'Emilia Pérez' Director Jacques Audiard Had No Idea How Famous Selena Gomez Was


For W’s annual The Originals portfolio, we asked stars of film, fashion, art, music, and more to share their insights on staying true to themselves. See this year’s full class of creatives here.

In Emilia Pérez, your new film, which you cowrote and directed, you tell the story of a Mexican drug lord who fakes his death in order to transition to a woman. Years later, the newly christened Emilia Pérez asks the ­lawyer who helped arrange her gender-affirming surgery to reunite her with her former wife and children. The film, simultaneously a musical, a melodrama, and a character study, is in Spanish, a language that you don’t speak. How did all that come about?

The idea came to me through a book called Écoute [Listen]. Halfway through, there is a character who is a drug kingpin who wants to transition to become a woman. The author, who is a friend of mine, did not develop this character. I asked for the right to expand the character myself.

Was casting Karla Sofía Gascón, a transgender actress, as Emilia Pérez crucial to making this film?

Yes. It was really hard to find the main actress. Originally, I was looking for someone between 30 and 35, and that was a huge mistake. By coincidence, I met Karla Sofía and Zoe Saldaña, who plays the lawyer, on the same day. That’s when things came together. If I hadn’t found Karla Sofía, I wouldn’t have made the film.

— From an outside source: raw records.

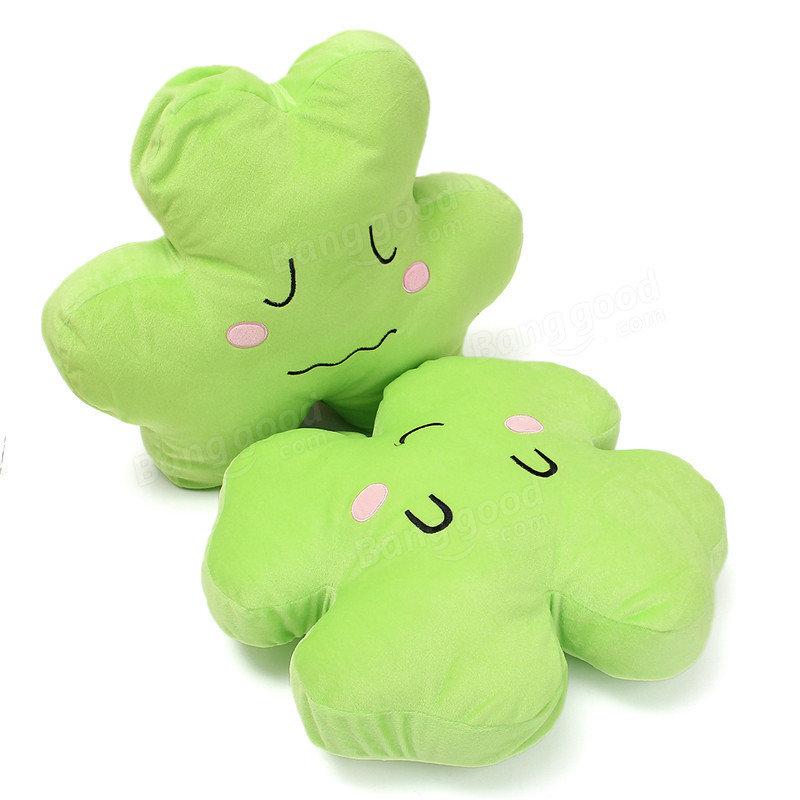 1PC 40cm Cute Clover Shamrock Soft Stuffed Plush Toy Happy Love Ornament Soft Doll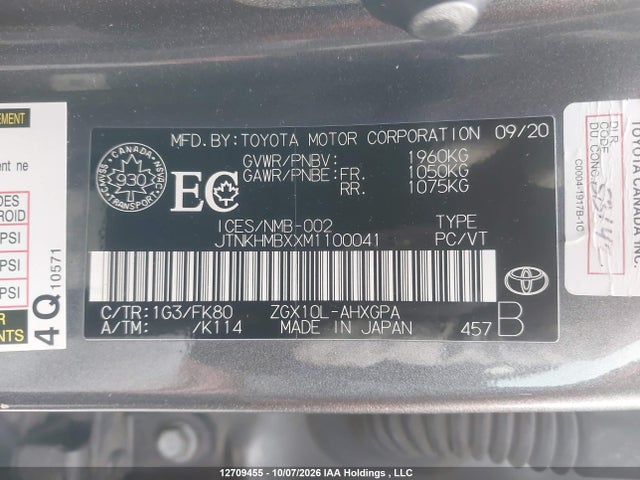 Продаж на аукціоні авто 2021 Toyota C-hr Xle Premium, vin: JTNKHMBXXM1100041, номер лоту: 12709455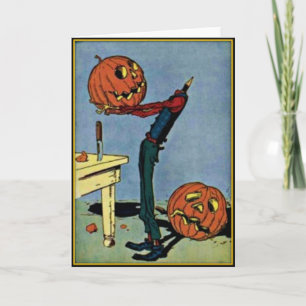 "Huvudlös" Pumpahuvud Man Vintage Halloween-kort Kort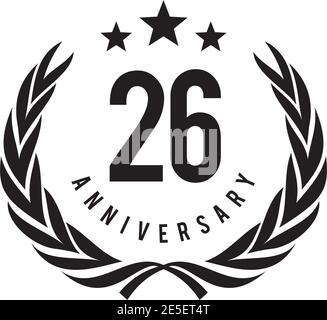 26ème anniversaire logo design modèle vectoriel Illustration de Vecteur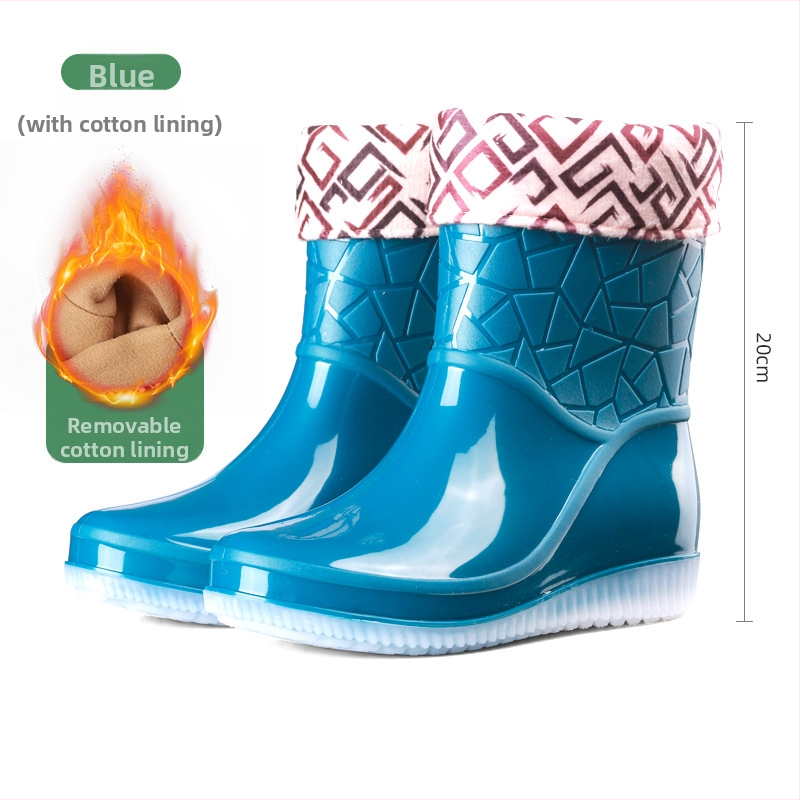 Ženske kišne čizme srednje visine, PVC gornji dio, debeli đon, niski pet 1–3 cm, pogodne za četiri sezone (PVC gornji dio; srednje visine čizme; debeli đon; niski pet; četiri sezone)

Selena Gomez plays her wife. Did you know who she was before you cast her?

No. I didn’t know her music at all, and I didn’t know anything about her ­popularity. I had seen her in a Woody Allen film.

Nobody saw that film!

I did! I met Selena in New York, early in the morning in a café. I found her so charming, I wanted to ask for her hand in marriage right away. [Laughs]

Jacques Audiard wears his own clothing, scarf, and sneakers; Akoni Eyewear sunglasses.

The stars of Emilia Pérez collectively won Best Actress at the 2024 Cannes Film Festival. You have an amazing history with Cannes—you won the Palme d’Or for Dheepan and had great success with A Prophet and Rust and Bone.

They say I’m a “regular” at Cannes, but I never take it for granted. I’m always terrified. Cannes was the first time the actresses watched the film, and I was very afraid. I was ready to get down on my knees and say, “I apologize, I ­apologize!”

Very few of your films have been in French, your native language. Did you learn Spanish for Emilia Pérez?

[Laughs] No! I don’t speak Spanish. I don’t speak Tamil [Dheepan] or Arabic [A Prophet]. For me, there’s a music to language. The rhythm, the sound—it becomes very musical. Not knowing the language gives me a quality of detachment. When I’ve directed in my own language, I get stuck on the details. I focus too strongly on the accent, the punctuation, rather than the emotion.

Do you love the musical as a cinematic genre?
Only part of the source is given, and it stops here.